* REQUIRED ACTION
Give back the whole listing exactly as written, leaving out each picture.

* GIVEN MATERIAL
:::
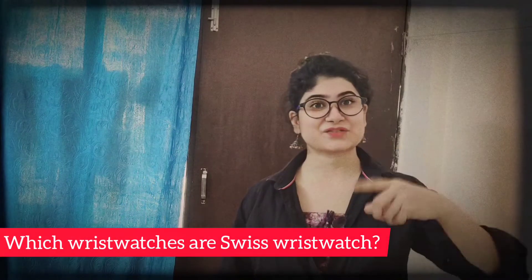Let me do it two times continuously and see whether I'm able to do it: 'Swiss wristwatch, I wish to wash my Swiss wristwatch, which wrist watches are Swiss wristwatches.' Please try this and let me know whether you were able to do it. I suggest you do it at least five times and let me know your experience. Don't forget to answer: which wrist watches are the Swiss wristwatches? Let me know in the comment box.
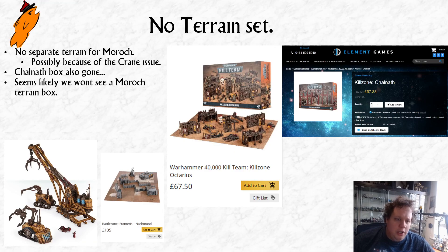One thing you'll notice is that there was no terrain set that came out with the Nackmund stuff. We didn't get a set of the industrial terrain that came in the Nackmund box — that industrial terrain that's just had its two teams released separately is not getting a separate box, likely because of the crane issue.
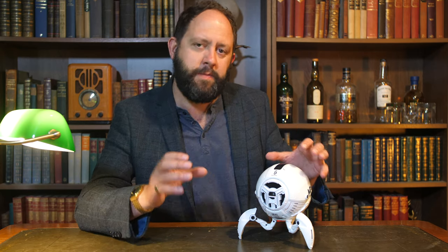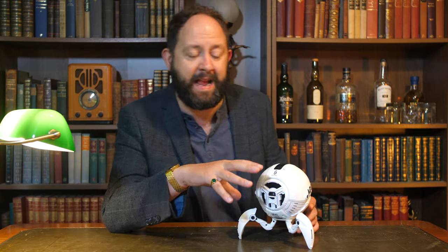Gravastar. I said this in my review of their Sirius Pro headphones — Gravastar are absolutely knocking it out of the park when it comes to design uniqueness, but with uncompromising sound quality. Sure, the design might not be for everyone, but they are inspiring, conversation-starting, and will absolutely appeal to those looking for a piece of tech that stands out. Because I enjoyed the Sirius Pro headphones that much, I thought I might as well take a look at their largest speaker offering at this moment in time, the Mars Pro.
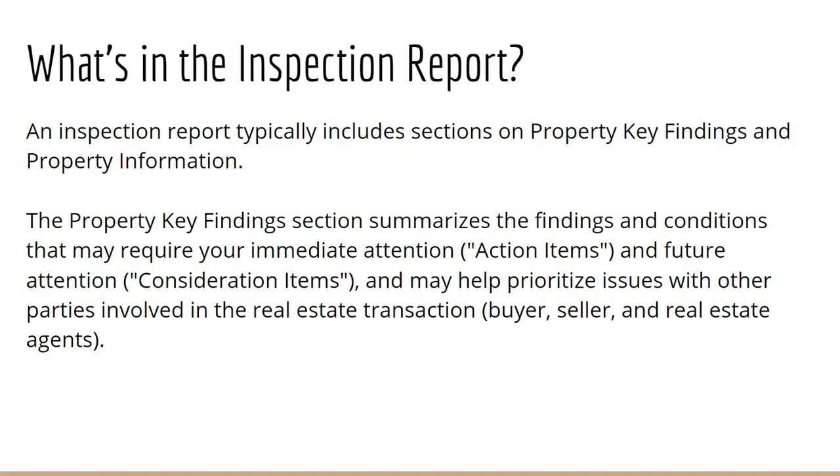A home inspection report is going to detail out property key findings and property information. Your key findings are going to include attention items, or what we call action items, or items that you might need to address in the future. 'In the future' is not necessarily tomorrow — it could be five years down the line, a year down the line, whatever the case may be. Those help you prioritize how quickly some items might need to be taken care of.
:::
* REPLY
Let me do it two times continuously and see whether I'm able to do it: 'Swiss wristwatch, I wish to wash my Swiss wristwatch, which wrist watches are Swiss wristwatches.' Please try this and let me know whether you were able to do it. I suggest you do it at least five times and let me know your experience. Don't forget to answer: which wrist watches are the Swiss wristwatches? Let me know in the comment box.
One thing you'll notice is that there was no terrain set that came out with the Nackmund stuff. We didn't get a set of the industrial terrain that came in the Nackmund box — that industrial terrain that's just had its two teams released separately is not getting a separate box, likely because of the crane issue.
Gravastar. I said this in my review of their Sirius Pro headphones — Gravastar are absolutely knocking it out of the park when it comes to design uniqueness, but with uncompromising sound quality. Sure, the design might not be for everyone, but they are inspiring, conversation-starting, and will absolutely appeal to those looking for a piece of tech that stands out. Because I enjoyed the Sirius Pro headphones that much, I thought I might as well take a look at their largest speaker offering at this moment in time, the Mars Pro.
A home inspection report is going to detail out property key findings and property information. Your key findings are going to include attention items, or what we call action items, or items that you might need to address in the future. 'In the future' is not necessarily tomorrow — it could be five years down the line, a year down the line, whatever the case may be. Those help you prioritize how quickly some items might need to be taken care of.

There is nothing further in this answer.